The short version: she’s still terribly swollen and very ouchy. The skin on the right half of her udder is stretched so tight, the pores are pulled into giant relief.
It is touching to me how she lets me deal with a bag that must be so painful. When I first draw up my milking stool and sit down, she lifts the right hind foot (which could easily clock me and take my head off) involuntarily, as if to say, “Oh, no!” Then she rests it gingerly back down to balance on the toe, half-cocked. “It’s OK, sweetpea,” I murmur, gently slathering Bag Balm on the swollen mass. Finally she sighs, puts her weight back on the foot, and I go ahead and milk.
The test results came back Monday afternoon, showing traces of staph and strep, but nothing like the amounts to cause this massive inflammation. My vet’s surmise is that an injury (probably from my impetuous teenaged bull at the onset of her heat) caused the swelling, and the resulting trapping of the warm milk then allowed mastitis to develop. To my frustration, I was told to wait yet another day — making four days of delay, during each of which Katika’s udder grew larger and hotter and more painful — to give the office time to test the infections against various antibiotics. Finally, Tuesday night I was given the go-ahead to use the antibiotics I’d purchased Saturday.
I received careful instructions how to administer the meds. First, milk her out, so the medicine would be going into an empty udder. Next, scrub the quarter with warm soapy water. Finally, clean the teat tip with alcohol and let that air-dry. All this fanatical care is to avoid introducing new bacteria into the udder along with the meds.
The washing was easy. It was the next part that became something of a comedy.
The nozzle of the tube has to be inserted into the tiny sphincter at the tip of the teat. Katika’s udder is black. The barn at night is dark, with long shadows. Her quarter is so swollen that it is as hard as a rock, with a rigid teat somewhere deep under her belly in the gloom. By contorting myself on my milking stool until I’m practically lying face-up between her back legs, I find the teat. I lean close to locate the tiny opening at the tip and then realize I can’t focus to see it through my bifocals. Argh!

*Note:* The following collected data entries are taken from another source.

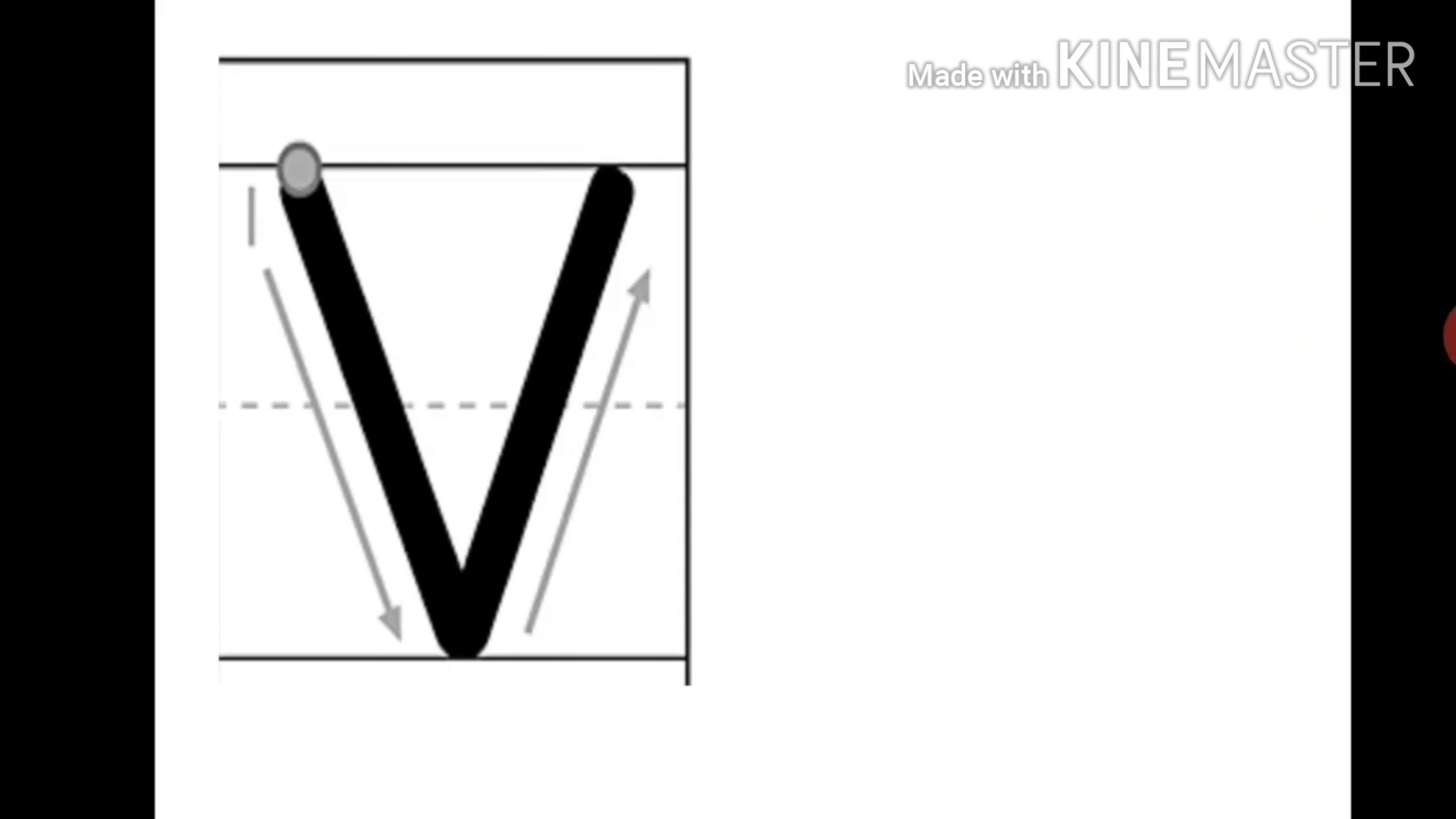So, you go down and you go up. You make a slanting line down and then you join it with a slanting line upwards. That's the Mama V, capital V, or the uppercase V.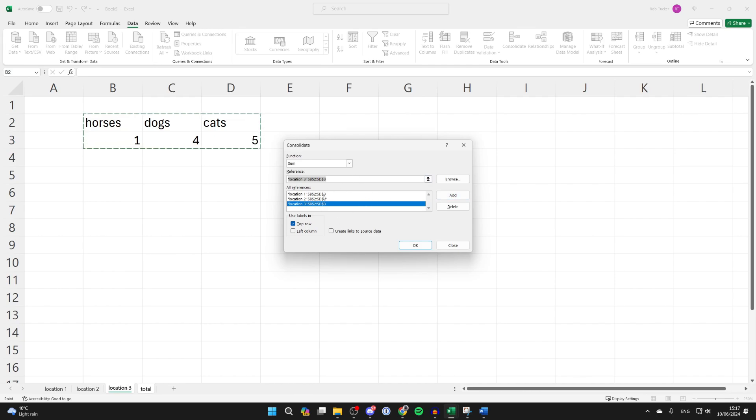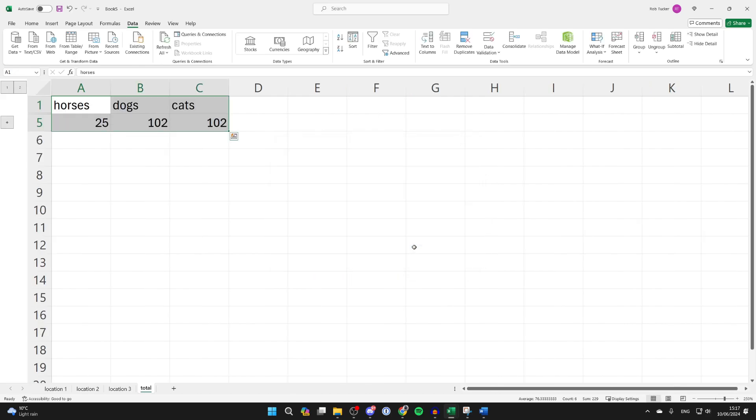Keep on repeating that until you're done and come down to use labels in. You can then choose if you want to have the top row and left column or just have the top row, and you can choose if you want to create links.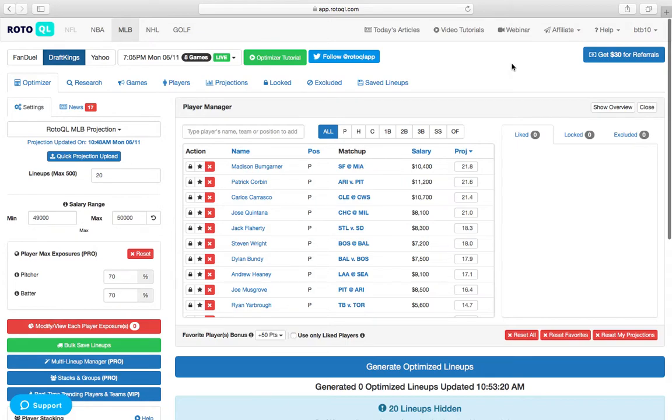What is up, everybody? Happy Monday. We're back with another RotoQL MLB play of the day.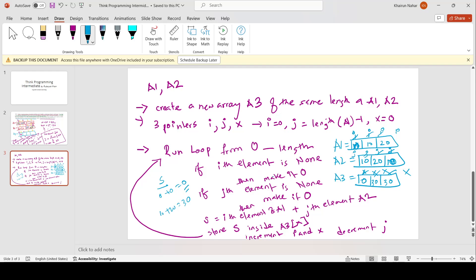Whatever we have designed, our test matches exactly with our expected output. Therefore, my planning is correct. Now your job is to write code according to what we have planned. Thank you very much.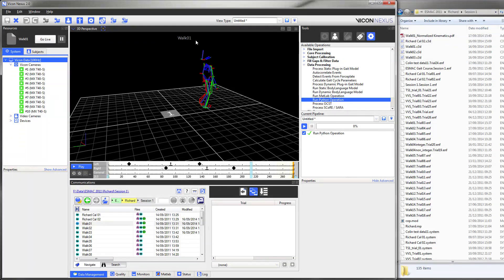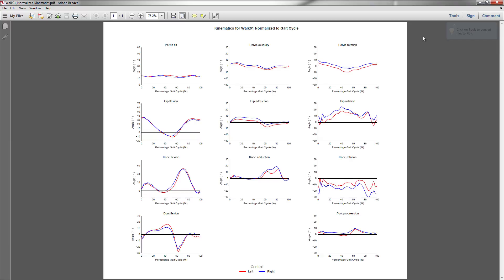There we have our PDF file, and when we open it up we get the normalized gate cycle.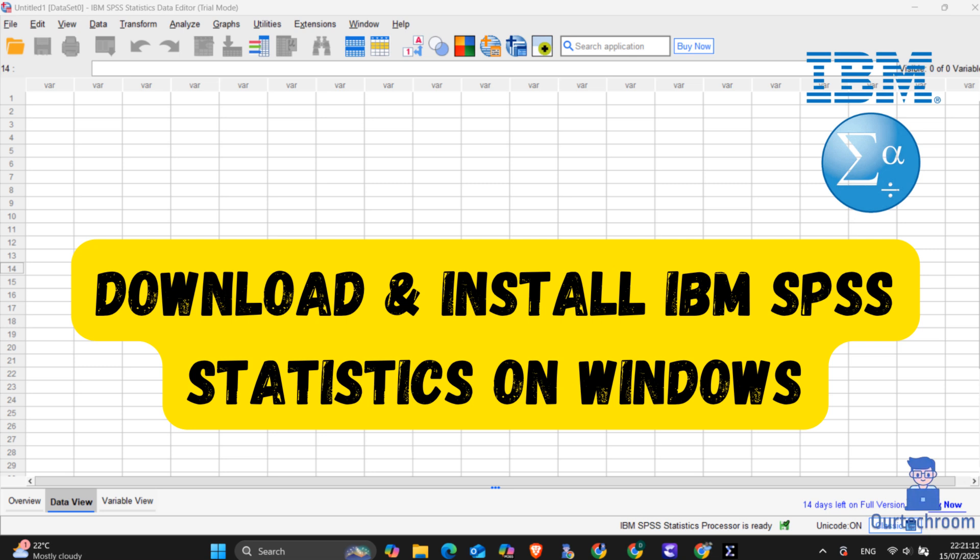Hi everyone, welcome back to the channel. Today in this video I will show you how to download and install IBM SPSS Statistics on Windows PC.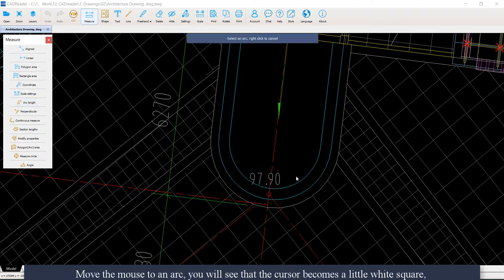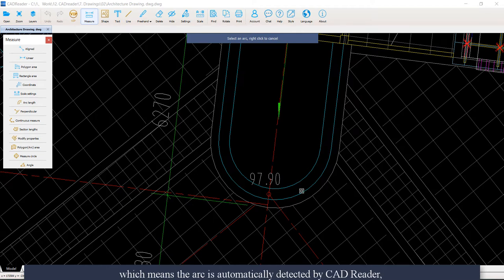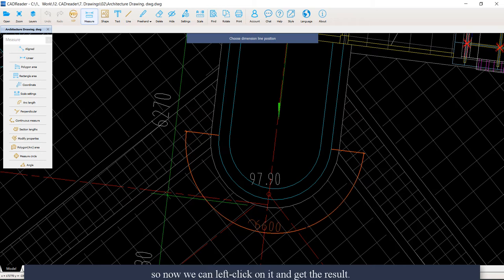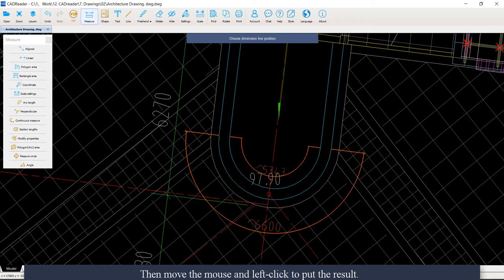Move the mouse to an arc. You will see that the cursor becomes a little white square, which means the arc is automatically detected by CAD reader. Now we can left click on it and get the result. Then move the mouse and left click to put the result.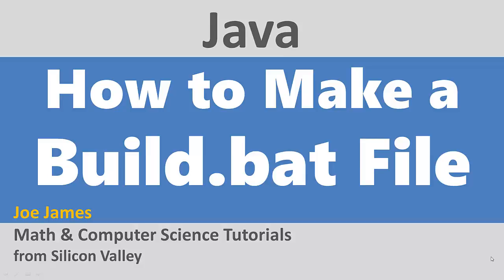Hi, I'm Joe James and in this video I'm going to show you how to make a build.bat file to automate building your Java project in Windows.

Eventually, with my glasses hanging off the end of my nose, I am successful. I push the plunger and inject something the size of a travel-size tube of toothpaste up into her breast. Just the thought has me wincing but Katika munches hay and simply swishes me with her tail. I am supposed to massage the medication up into her udder, and I doggedly attempt to do so, but I might as well be massaging one of the giant rocks in Allen’s boulder wall. I am not moving anything.
But at least it’s done. I pat us both on the back. Another new experience for us, Katika dear!
I had been told to administer the meds twice, twelve hours apart. I gave Katika the second dose Wednesday morning and have not seen any marked improvement. The front quarter is also now swollen; it’s not clear to me if it too is infected or if the swelling has rolled forward from the rear. I will be calling the office today to ask if I can give her another couple of rounds of antibiotic.
Meanwhile I have been milking her three times a day, feeding her Bute for discomfort, and hosing her giant, hot udder with cold water for twenty minutes morning and evening. She is patient through it all.
Such a good old girl. I really want her to feel better soon.